Proszę, aby zapowiedziane na 20 kwietnia zebrania sędziów odbyły się w sposób, który nie będzie uciążliwy dla obywateli: świadków, interesantów i pracowników sądów - napisał w środę w piśmie skierowanym do sędziów wiceminister sprawiedliwości Łukasz Piebiak.

"Szanuję Państwa prawo do nieskrępowanego wypowiadania się na temat dotyczący Waszych spraw. Jednak proszę, aby zapowiedziane na 20 kwietnia zebrania sędziów odbyły się w sposób, który nie będzie uciążliwy dla obywateli. W szczególności dla osób mających tego dnia wyznaczoną wokandę, świadków, interesantów sądowych, czy pracowników sądów" - głosi pismo podpisane przez wiceministra i przekazane do sądów.

Piebiak poprosił, aby "wyznaczone w większości na godz. 12 zebrania przesunąć na godzinę późniejszą, poza porą orzekania, albo np. na sobotę". "Proszę wziąć pod uwagę zwłaszcza interes tych, którzy dojeżdżają na sprawy sądowe z odległych miejscowości" - dodał.

W drugiej połowie marca przedstawiciele sędziów sądów apelacyjnych oraz sędziów z okręgów z całego kraju podczas zebrania w Warszawie debatowali o rządowych planach zmian przepisów o Krajowej Radzie Sądownictwa i Krajowej Szkole Sądownictwa i Prokuratury.

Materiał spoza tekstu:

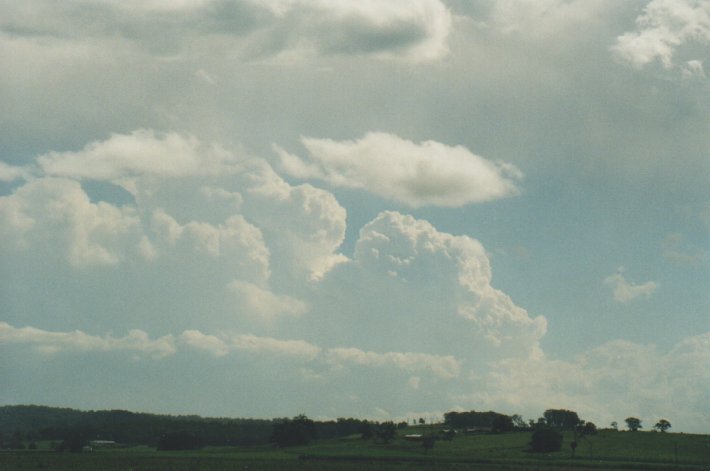 thunderstorm cumulonimbus_incus : Coraki, NSW   31 December 1999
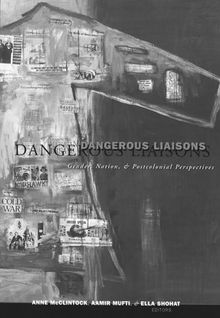 Dangerous Liaisons: Gender, Nation and Postcolonial Perspectives (Cultural Politics)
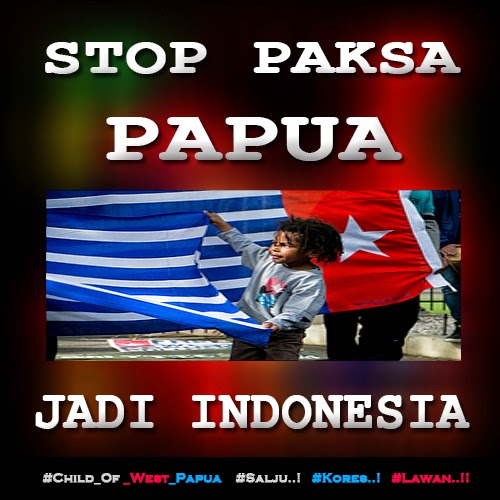 5 Hal Tentang Pemerintah Indonesia Di Tanah Papua.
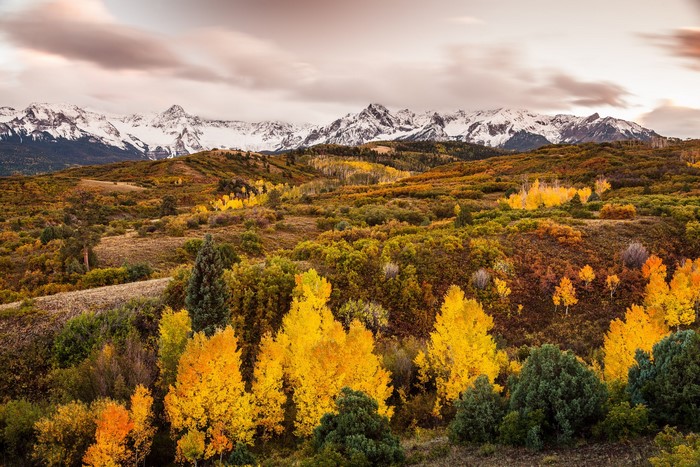 Snow-capped mountains and autumn forest landscape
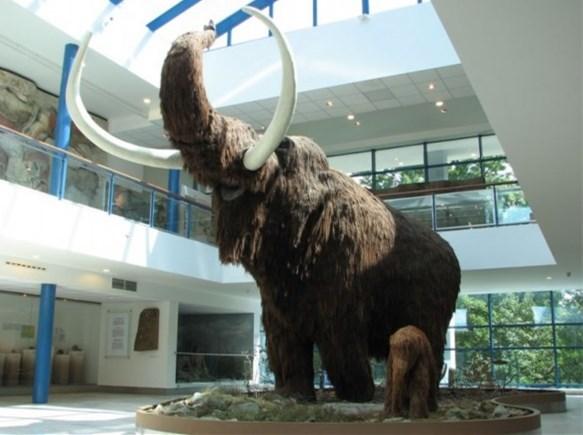 有可能复活成功的灭绝动物名单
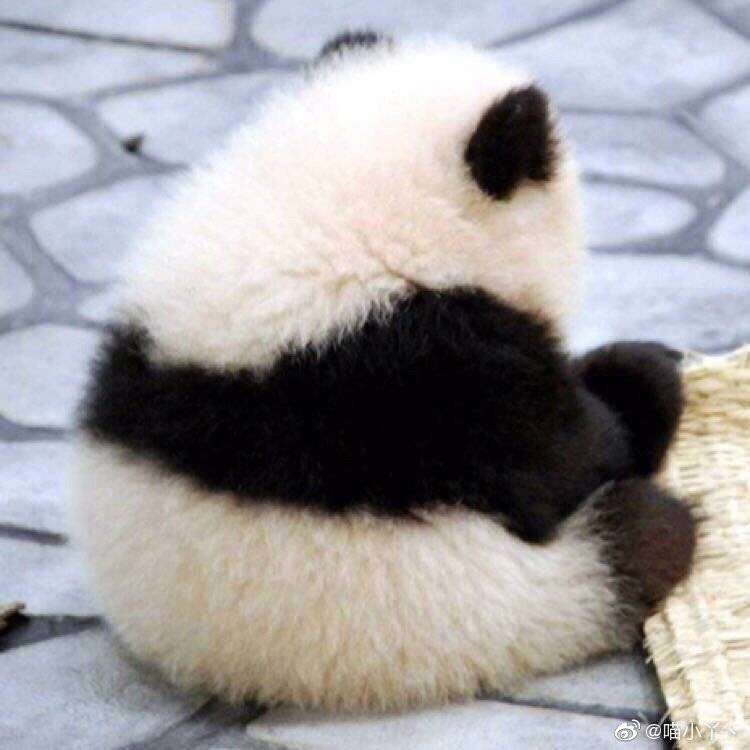 沙雕头像可爱呆萌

W przyjętej wówczas uchwale podkreślono, że projekty tych zmian "zmierzają do upolitycznienia sądów i naruszenia ich niezależności".

W innej z podjętych wówczas uchwał zwrócono się do stowarzyszeń sędziowskich o "utworzenie forum współpracy przedstawicieli samorządu sędziowskiego". "Zebranie zwraca się do prezesów sądów powszechnych o zwołanie zebrań sędziów tych sądów w dniu 20 kwietnia 2017 r. o godz. 12 w celu wyboru przedstawicieli do udziału w pracach forum" - głosiła uchwała.

W zeszłym tygodniu prezes Stowarzyszenia Sędziów "Themis" sędzia Irena Kamińska mówiła, że 20 kwietnia w związku z zebraniami mogą nastąpić 40-minutowe przerwy w rozpatrywaniu spraw przez sędziów. Dlatego poprosiła obywateli o wyrozumiałość, argumentując, że chodzi o obronę ich praw do rzetelnego procesu.